We are thinking of converting our fairly basic tandem to electric.

 

We won't be doing huge mileages, fast riding or big hills (Winchester area), but help on the smaller hills will be welcome. Combined rider weight around 155kg (24 1/2 stone).

 

Ideally I want a front wheel conversion, as it is simplest and allows us to keep our old strong 48 spoke back wheel. I am considering the Woosh XF07; helpful Tony at Woosh has said that will be OK, but that a more powerful option (eg their SWX02) would be better. They can only offer that as back wheel; and 26" which would involve tyre change and brake adjustment (I think they will fit, need to check in more detail).

  • Does anyone have experiences with a tandem and motor similar to XF07?
  • Does anybody know a good source of more powerful front conversion, still road legal 250w, preferably 700C but 26" would do?

 

Woosh have been very helpful and I am biased to them by various comments in different forums, but certainly not decided to buy from them. Yose is quite a strong contender too.

  • Author
Thanks, but isn't that one 350w and hence not road legal? Otherwise it looks very attractive. Is there some option to limit the power 250w and keep it legal? I guess it would still have the strong low speed torque.

the power is already limited, the factory 350W label was unfortunate.

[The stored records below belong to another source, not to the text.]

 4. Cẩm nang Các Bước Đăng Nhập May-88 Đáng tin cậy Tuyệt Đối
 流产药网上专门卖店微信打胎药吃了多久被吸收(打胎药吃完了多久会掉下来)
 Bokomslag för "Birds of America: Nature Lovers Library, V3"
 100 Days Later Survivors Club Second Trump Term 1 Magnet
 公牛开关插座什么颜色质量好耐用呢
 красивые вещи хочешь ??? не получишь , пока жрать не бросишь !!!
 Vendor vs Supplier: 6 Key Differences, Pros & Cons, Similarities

It is very good at low power but the 48V SWX02 is even better and smoother.

  • Author

I guess the SWX02 is still only available 26" back?

 

What are the legal implications with the BPM if it is wrongly labelled? The rules are hard enough to understand without extra details like that, but it seems labelling is part of the regulations. What if we were stopped or in an accident? Thanks.

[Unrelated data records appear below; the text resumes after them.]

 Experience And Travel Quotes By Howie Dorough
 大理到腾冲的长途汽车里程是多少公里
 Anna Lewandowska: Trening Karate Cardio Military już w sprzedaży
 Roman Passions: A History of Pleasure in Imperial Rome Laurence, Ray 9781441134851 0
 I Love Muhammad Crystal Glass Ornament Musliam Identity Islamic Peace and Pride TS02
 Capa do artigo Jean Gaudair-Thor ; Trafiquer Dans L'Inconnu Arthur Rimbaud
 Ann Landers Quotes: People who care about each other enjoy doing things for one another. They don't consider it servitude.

in my experience 48 spoke tandem rear wheels are a hangover from a time when either (i) folks building tandems didn't know any better (ii) folks building tandems didn't know how to build strong wheels or (iii) rims and hubs were much less robust back then

 

Our off road tandem runs 36 spoke three cross wheels front and rear, with FR30 pinned rims - we don't run a lot of weight as my 13yo rides on the back but we maybe 120kg and we do "proper" off road. Only last week we hit a bunch of roots sticking up 2 to 3" at speed - I was fine but the shout and suspension seatpost didnt help so much on the back . . .

 

I was pondering a tandem conversion earlier this week and would trust the Yose kit wheel I have on my commuter to be up to the job - if there was a problem with spoke breakage I would swap the rim out for a stronger one, possibly even go to double butted spokes too - tandems always seem a bit more high maintenance anyhow, which is part of the fun (for me anyhow)

 

The downside would be extra weight as we use a roof carrier for the tandem, but 18kg to 20kg isnt a deal breaker

I guess the SWX02 is still only available 26" back?

 

That's correct.

 

What are the legal implications with the BPM if it is wrongly labelled? The rules are hard enough to understand without extra details like that, but it seems labelling is part of the regulations. What if we were stopped or in an accident? Thanks.

it's the regulations. The label needs to be made by either the factory or us. If we put a new sticker on, our insurers won't cover it, so we don't chance it.

Buy the kit and put your own sticker/label on, nice professional ones available on ebay for under £3.
  • Author
I looked more carefully at the tandem, and the brakes will not adjust for a 26" wheel (there is more difference between 26" and 700C than I had realized).
  • Author

Thanks for the help everyone. I think the XF07 sounds best despite the reservations. If it doesn't seem powerful enough after a bit we can put it on my bike or my wife's, and choose a more powerful one for the tandem.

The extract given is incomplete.